━━ Data in this exercise ━━
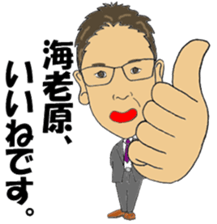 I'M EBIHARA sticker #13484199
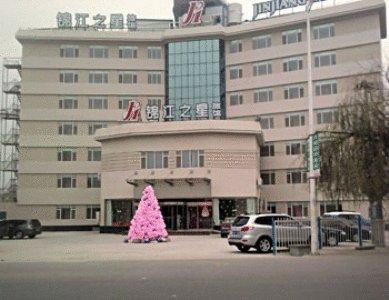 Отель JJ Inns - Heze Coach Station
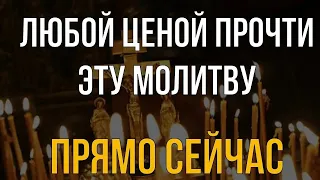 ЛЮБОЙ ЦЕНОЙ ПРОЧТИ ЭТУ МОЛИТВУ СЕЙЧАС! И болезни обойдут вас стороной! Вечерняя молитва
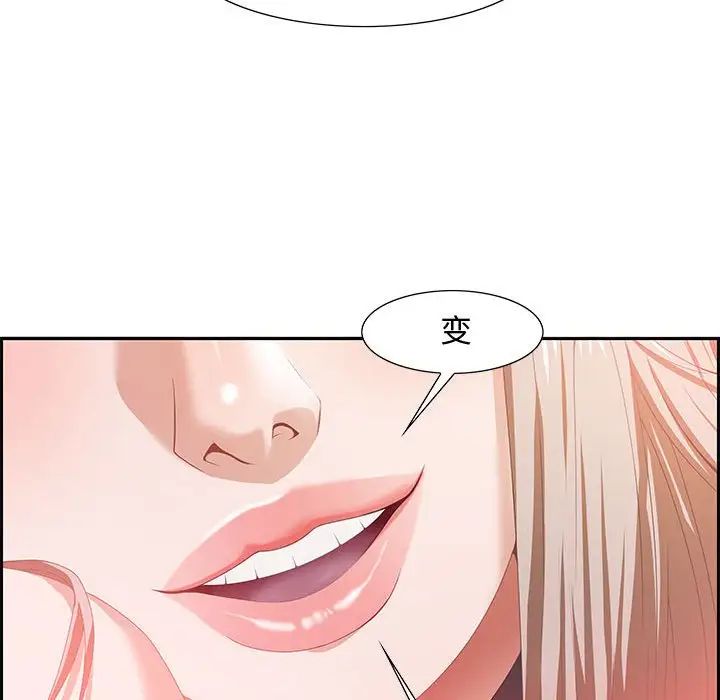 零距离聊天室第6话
━━━
━━ Data in this exercise ━━
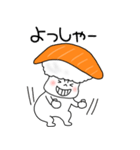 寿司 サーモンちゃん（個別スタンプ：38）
━━━
━━ Data in this exercise ━━
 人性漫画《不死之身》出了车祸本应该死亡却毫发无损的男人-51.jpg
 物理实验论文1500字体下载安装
━━━
Return, with no change at all, every line in the entries above from the line containing "人性漫画《不死之身》出了车祸本应该死亡却毫发无损的男人-51.jpg" through the line containing "物理实验论文1500字体下载安装".

**Output for this task:**
 人性漫画《不死之身》出了车祸本应该死亡却毫发无损的男人-51.jpg
 物理实验论文1500字体下载安装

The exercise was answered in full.